#### Records shown:
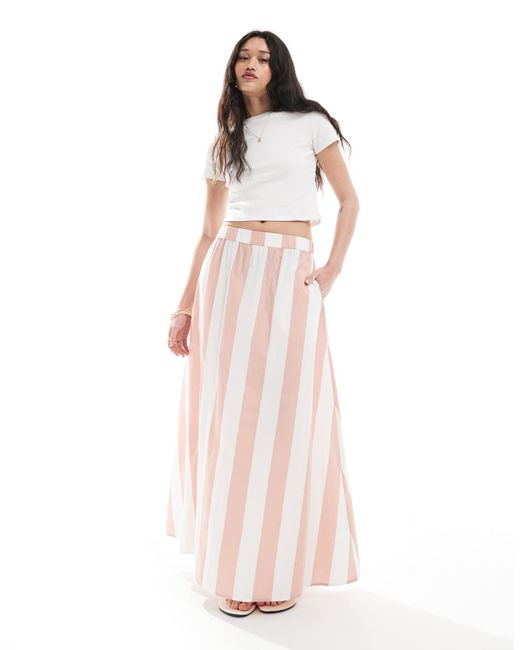 ASOS Pink Co-ord Cotton A Line Maxi Skirt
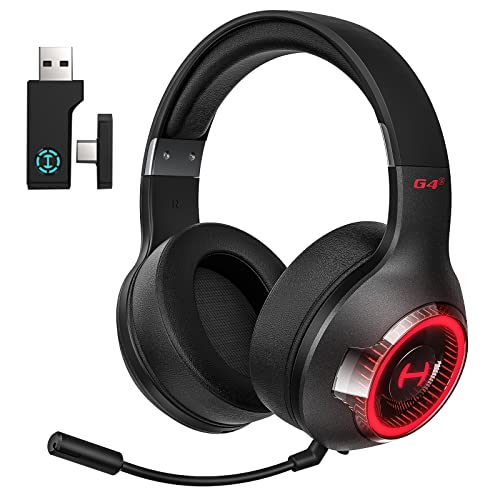 TA82 Wireless Gaming Headset with Detachable Noise Canceling Microphone for  PS5 PS4 PC, 2.4GHz USB Gamer Headphones with 7.1 Surround Sound, Memory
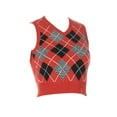 thumbnail image 5 of Okbabeha Women Knitted Vest, V-neck Plaid Waistcoat, Off Shoulder Tank Top, 5 of 5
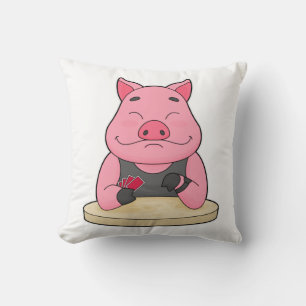 Pig at Poker with Poker cards Throw Pillow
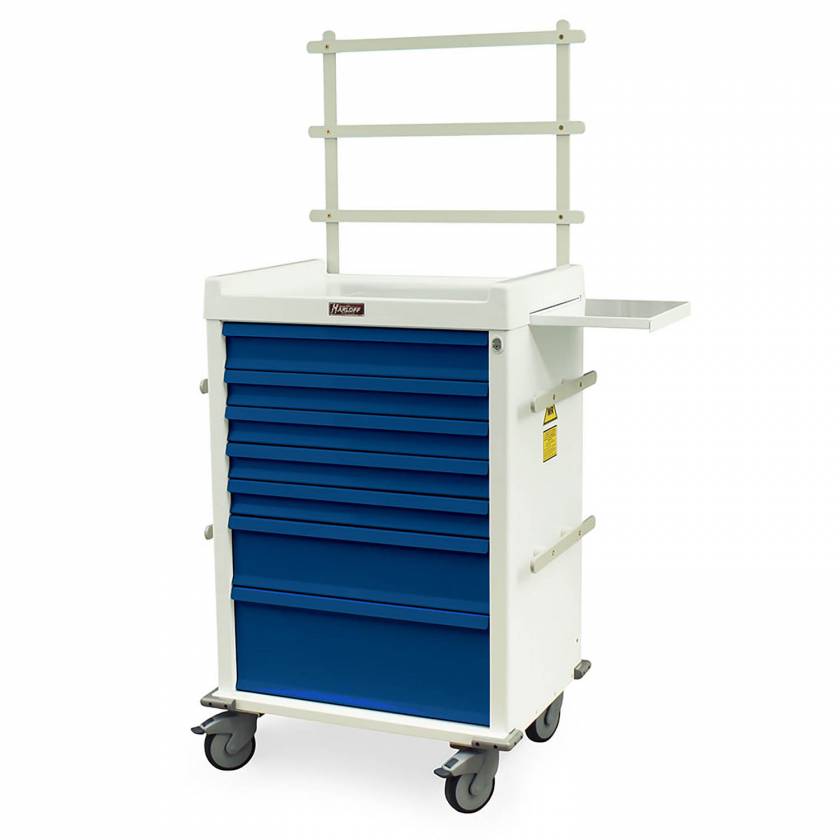 Harloff MR7K-MAN MR-Conditional Anesthesia Cart Seven Drawer with Key Lock, Accessory Package.  Color shown with White body and Navy drawers.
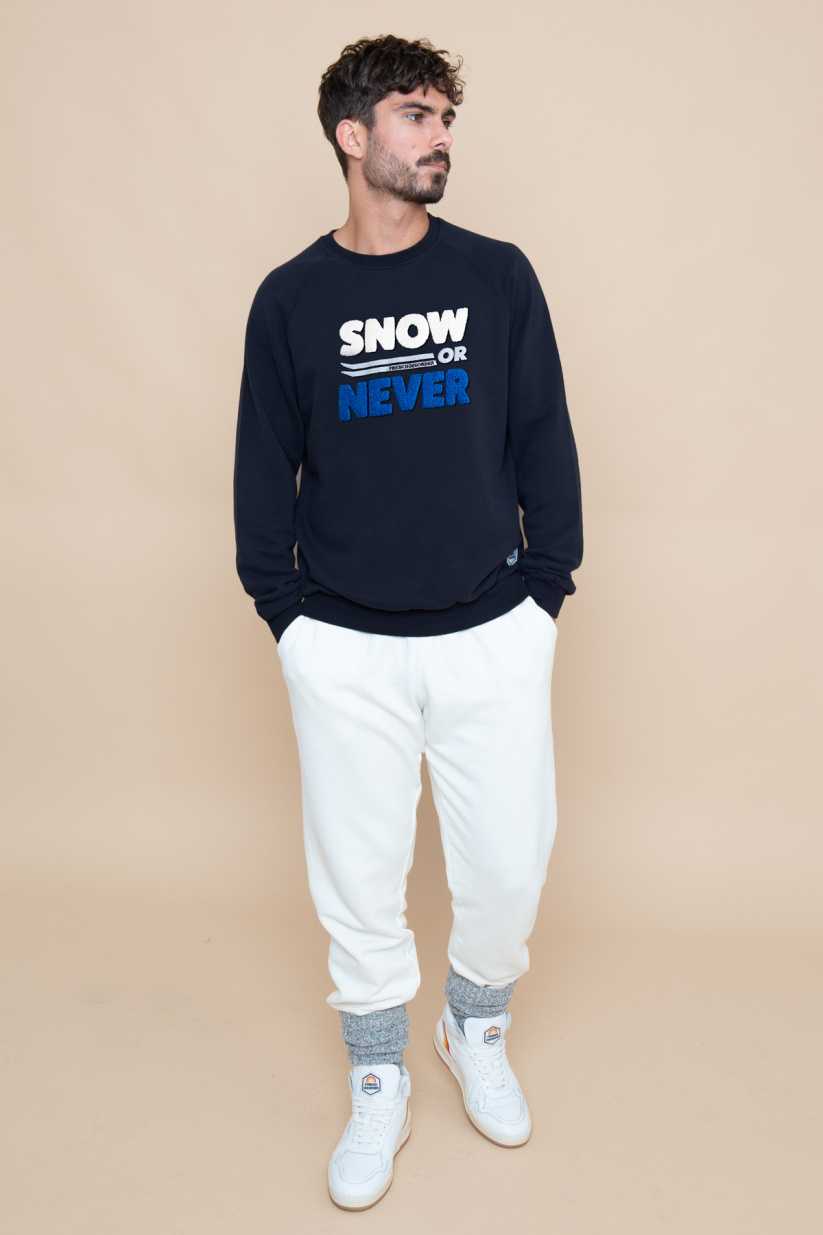 Sweat Clyde Warmy Broderie SNOW OR NEVER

#### Exercise:
Print only the lines from the one with "Harloff MR7K-MAN MR-Conditional" through the last line of the data above, exactly and with both ends, and please omit any pictures.

#### Task result:
 Harloff MR7K-MAN MR-Conditional Anesthesia Cart Seven Drawer with Key Lock, Accessory Package.  Color shown with White body and Navy drawers.
 Sweat Clyde Warmy Broderie SNOW OR NEVER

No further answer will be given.